After purchase, the template will be immediately available to download. This will also be included in the industry-specific financial modeling bundle Last Version Update: 11/21/2022

Strategy planning while seeing the financial impact is where this model shines. You can plan out a low athlete / professional count with higher contract values or higher counts with lower average contract values or something in-between. Being able to conduct feasibility and sensitivity analysis quickly and clearly will allow you to have a great foundation and plan for what you want to do instead of just flying blind.

Dynamic models like this spreadsheet are really useful when one is trying to see what the financials look like with certain variables / commission rates being adjusted. There are all kinds of ways to run a sports agency or agency in general, but one thing that is paramount is understanding the unit economics and cash flow forecasting of whatever strategy you are implementing.

It is difficult or near impossible to try and understand the cash flow requirements with a simple back of the envelope calculation. The advanced logic in this template allows for the planning out of up to three athlete types, which can vary by average starting annual contract value (playing career), commission rates, average value of annual endorsements, and a schedule for how that starting value changes over their career (separate schedules for player contracts vs. endorsements). 

This gives the most accurate forecast of revenue for the sports agency possible based on the defined assumptions. That is important because it gives the owner an idea of what kind of capital will need to be invested up front and what sort of expenses are feasible over time.

Revenue Assumption Inputs (3 Athlete Configurations):

  • Start Month
  • Starting Athlete Count
  • Athletes Added per Month (this can be a decimal)
  •  Year-ending Athletes (output)
  • Average Annual Athlete Contract Value (adjustable over time)
  • Average Commission Earned per Athlete (adjustable over time - applies to all existing contracts)
  • Average Annual Value of Athlete Endorsement Deals (adjustable over time)
  • Average Commission Earned per Athlete (adjustable over time)
  • % Earned from Base over 120 months (configuration is on 'validation' tab (different for playing career vs. endorsement career)
Dynamic Output Reports
  • Monthly / Annual Financial Statements (3 statement model) - Income Statement, Balance Sheet, Cash Flow Statement
  • Monthly / Annual Pro Forma detail
  • Annual Executive Summary
  • DCF Analysis (project / inside/outside investors if applicable)
  • IRR, NPV, ROI, Equity Multiple
  • Visualizations
There are options for debt funding for initial startup costs / burn and that is configured as a regular p+i loan. If a terminal value is selected 'yes/no selector' than on the exit month the debt will be assumed to be fully repaid. The terminal value is an option for proper DCF Analysis.
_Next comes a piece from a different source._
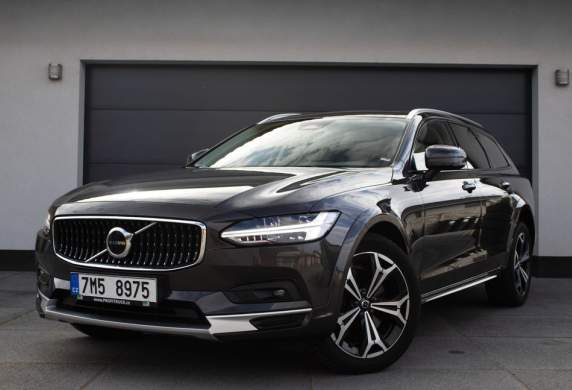 Volvo - V90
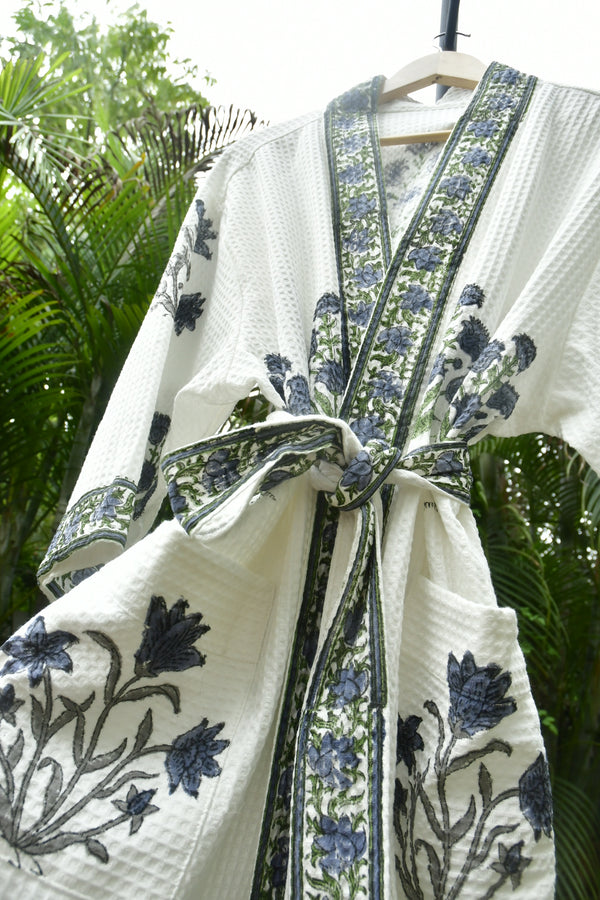 Deep blue premium bathrobe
There is also a schedule for capital asset purchases (depreciable), one-time startup costs, income / capital gains taxes, and a detailed cap table entry. If this is not a joint venture and all the funding / equity requirements will be sourced from the owner, that is completely find and the cap table can be zeroed out except for the 'overflow' row on the top section. 

The model default solves for the minimum equity investment required after any debt funding so that the balance sheet cash never goes below 0.